Using "fast track" authority granted to watershed districts, a bid opening will be held Monday and if the low bid is reasonably close to the engineer's estimate, construction will likely begin this week.

The bid stipulates that "there needs to be water running by June 15," said Bruce Albright, administrator of the Buffalo-Red River Watershed District.

The contractor will have until Aug. 1 to finish the project, but water needs to be moving out of Boyer Lake by next month, he said.

An appraisal found several million dollars in benefits from the project, "a strong indicator that it (meets cost-benefit scrutiny and) should be done," Albright said.

The Minnesota Department of Transportation spent nearly $1 million to raise Highway 10 in 2003 because it was threatened by the rising Boyer Lake.

The outlet project is projected to cost $288,000.

MnDOT will pay about $160,000 of the project cost. The watershed district will pick up about $70,000 from its general fund, and benefited property owners will pick up about $40,000. That includes townships and benefiting road authorities, including Becker County.

About 45 people attended a meeting Monday in Lake Park and agreed the watershed district should take action, Albright said.

Once the outlet is operating, the water level will be reduced three or four feet. Watershed engineers estimate the lake level will recede about 10 inches a month.
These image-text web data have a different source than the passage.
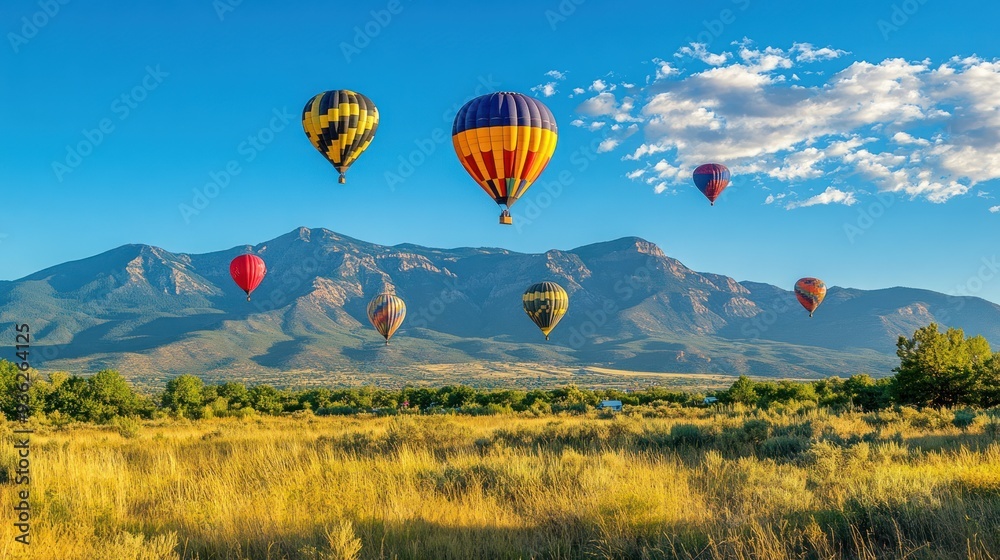 Fototapeta premium A group of hot air balloons are flying over a grassy field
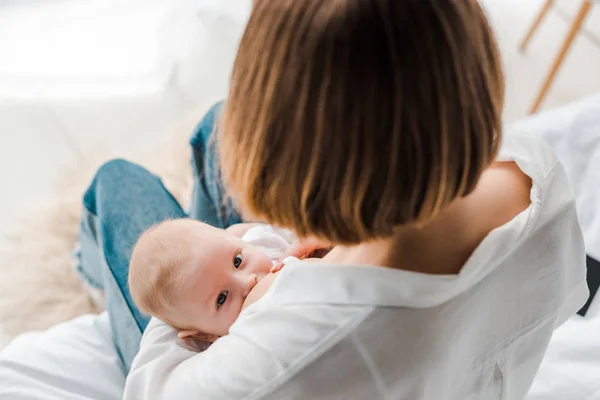 High Angle View Mother Breastfeeding Baby Home — Stock Photo, Image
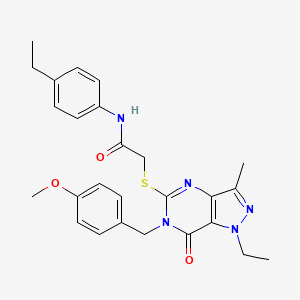 molecular formula C26H29N5O3S B6489922 2-({1-ethyl-6-[(4-methoxyphenyl)methyl]-3-methyl-7-oxo-1H,6H,7H-pyrazolo[4,3-d]pyrimidin-5-yl}sulfanyl)-N-(4-ethylphenyl)acetamide CAS No. 1358373-12-2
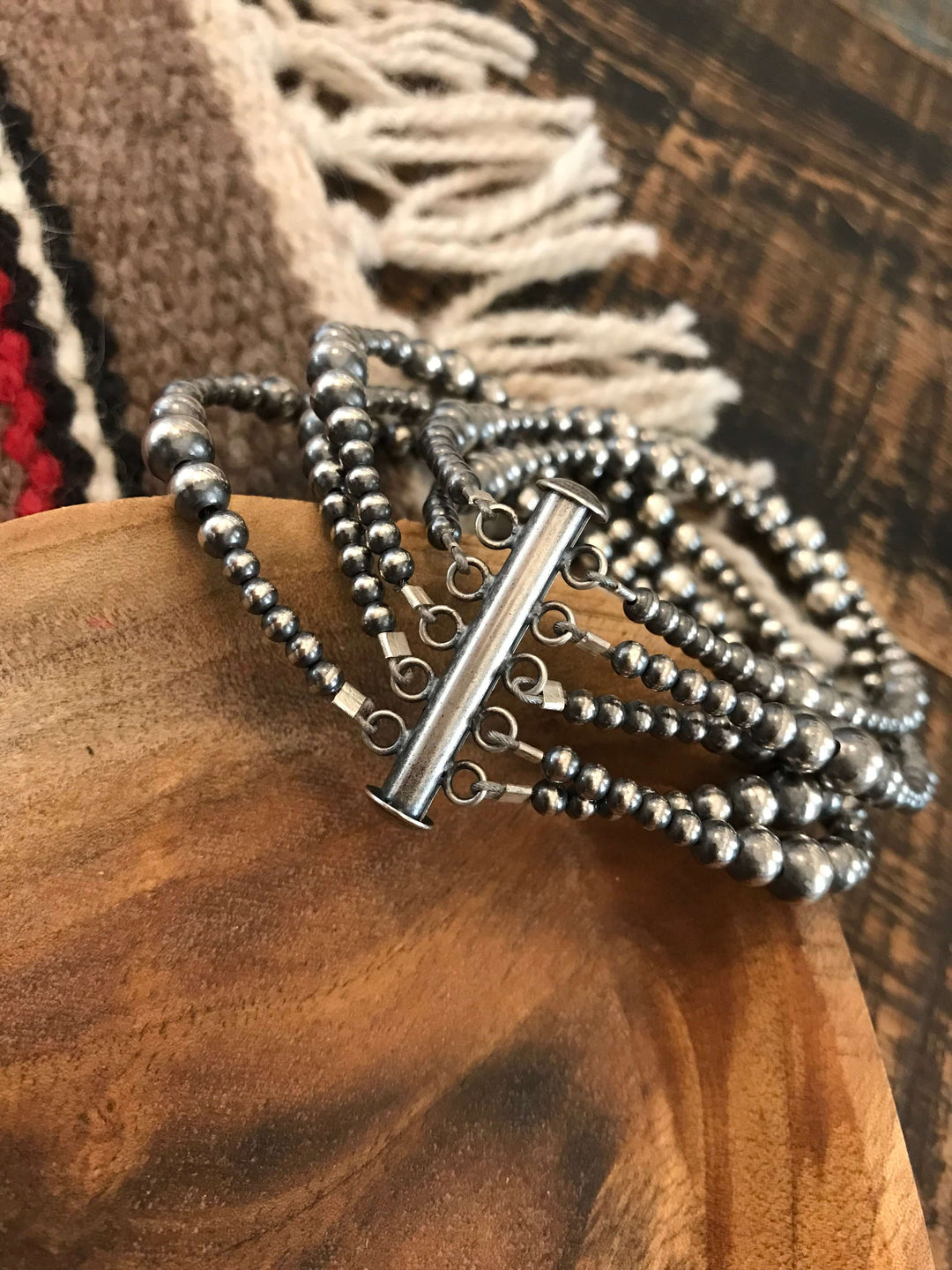 The Jackson 5 Strand Bracelet-Bracelets & Cuffs-Calli Co., Turquoise and Silver Jewelry, Native American Handmade, Zuni Tribe, Navajo Tribe, Brock Texas
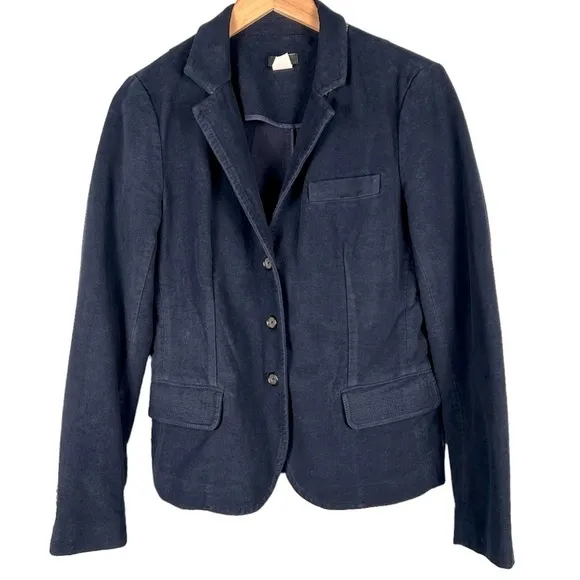 J. Crew Navy Blue 100% Cotton Blazer Size M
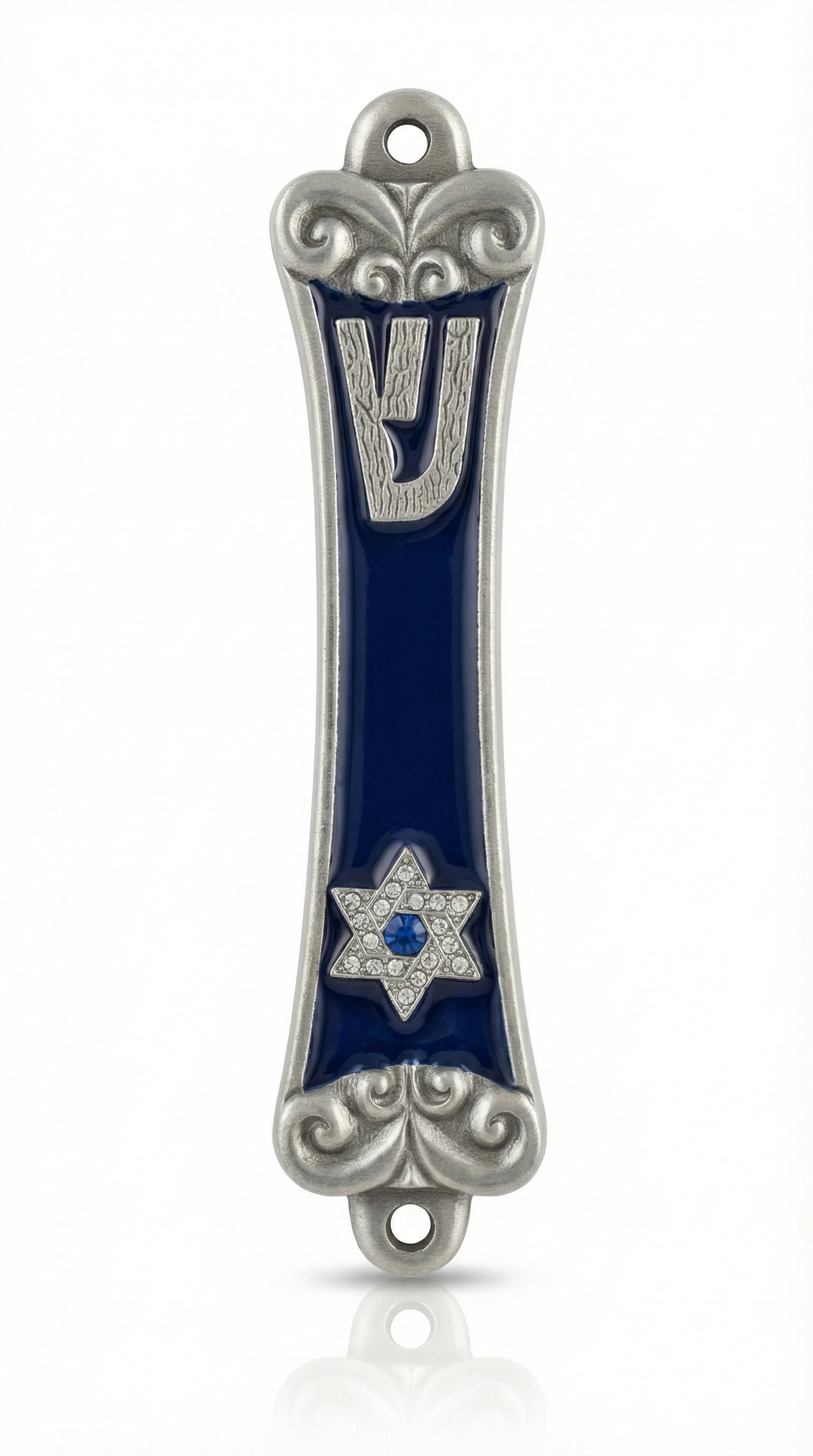 High-resolution image of Sarah Mezuzah with hand-painted details, floral accents, and engraved Hebrew letters, on a bright white background with soft reflection.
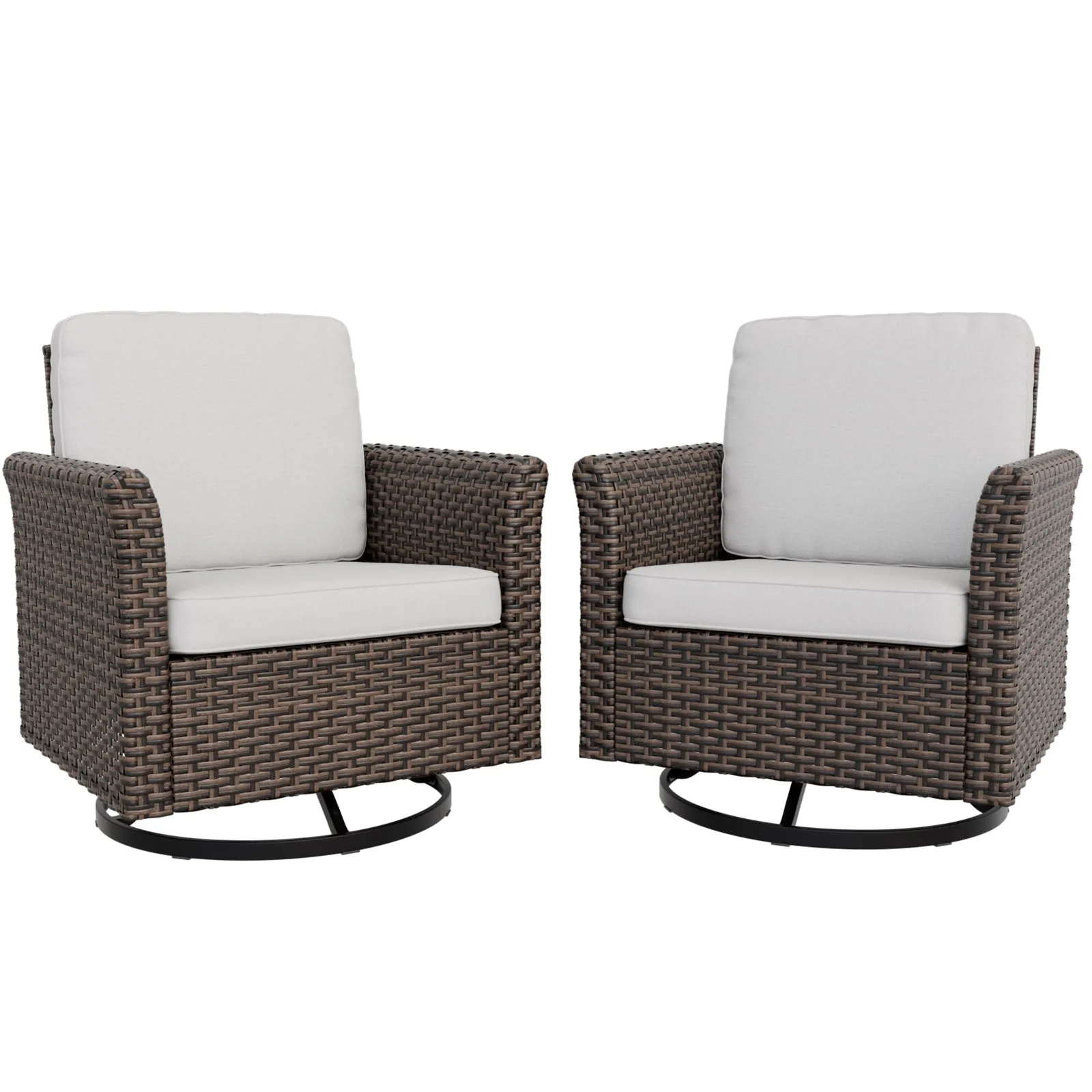 Ocean Vista Outdoor Wicker Patio Rattan Chairs , Set of 2 Swivel Rocking Chairs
"I keep hearing from people that we're going to drain Boyer Lake," Albright said. "We're not going to drain Boyer Lake. It's to control the water level. All outlet projects have a gate, and if there's flooding downstream, we'll shut the gate."

The project will provide an outlet not only for Boyer (and Little Boyer) Lake, but for nearby LaBelle Lake as well.

The lakes, which currently have no outlet, would then drain into Becker County Ditch 9, and eventually into the Buffalo River.

The new outlet will help to mitigate high water and erosion problems, on both lakes as well as on adjacent roads within the watershed -- which includes Highway 10.